From the one who was wronged and betrayed...

I cannot forget my recent betrayal. The time and circumstances are so much against me. How much money I had spent to come to my present location? Amidst so many odds. Relocation always has a lot of challenges thrown at you. I had discussed what I was good at and what I was not so good at during my interview. I had also cleared the test. Breaking the hearts of so many I left behind, rejecting the offer of a giant, I joined my current organization.

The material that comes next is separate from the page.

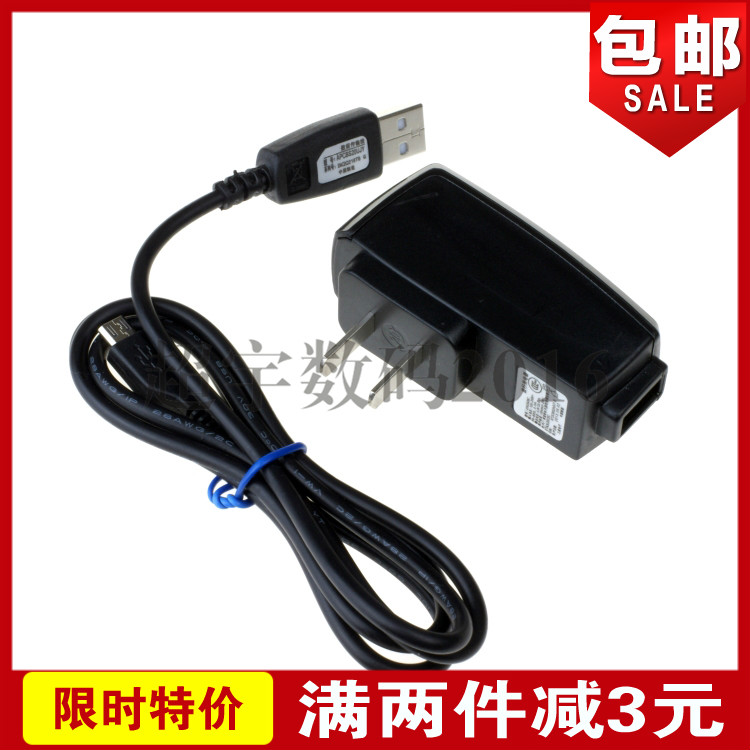 chargeur DEPALAI pour téléphones SAMSUNG SAMSUNG - Ref 1297839 Image 1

I was consciously given false hopes of meaningful work, increased job responsibilities, decision making powers and management roles, more learning, more challenges. All has crumbled in the last six months. My hurt is so intolerable because of the amount of faith I put on someone. I do not know how can such a person be least bothered about my growth because this organization is so puny? It is a small team and I always looked for a long term relationship. I constantly strove to give my best. I was sincere and loyal to that person. I explicitly expressed how I felt. I tried to voice my legitimate concerns. Now I know the person just heard it and forgot. I was regarded with so much ignorance, with so much insensitivity. Today why should I pay the penalty of someone else’s incompetence of judging me in an improper manner? Was not this person also appointed by the person who appointed me?

It was a conspiracy against me. recession, staying abroad, level in career and past record- all were taken into consideration to put me in this cul-de sac. I will not give up either. I live for my pride of being a person of principles and I shall not compromise my values. On the other hand I do not know how to handle the pain I am feeling inside and the extreme anger. I never thought I will hate someone so much and now I know it shows. I cannot control it but it will pain me a lot because the object of my hatred was once the object of my affection and God knows, how much I had loved that person and how cruelly the trust was broken.

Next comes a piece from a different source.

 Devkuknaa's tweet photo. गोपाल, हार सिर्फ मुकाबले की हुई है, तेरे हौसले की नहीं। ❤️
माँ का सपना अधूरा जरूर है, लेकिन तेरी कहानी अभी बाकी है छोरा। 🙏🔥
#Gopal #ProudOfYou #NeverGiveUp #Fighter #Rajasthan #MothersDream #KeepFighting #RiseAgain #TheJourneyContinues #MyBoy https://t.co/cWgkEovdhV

I knew everything yet I refused to accept it. I consoled myself by saying that everything will be all right. I have been through a lot of pain in life and took it like a sport. I do not know why my resilience is failing me. I do not know how to cure this. I have to be far away from all these. On the other hand I think, I want my revenge. I want to teach that person a lesson. Looking back I will forgive that person because my love and devotion was true and selfless so did I not know that I will be put to shame for that.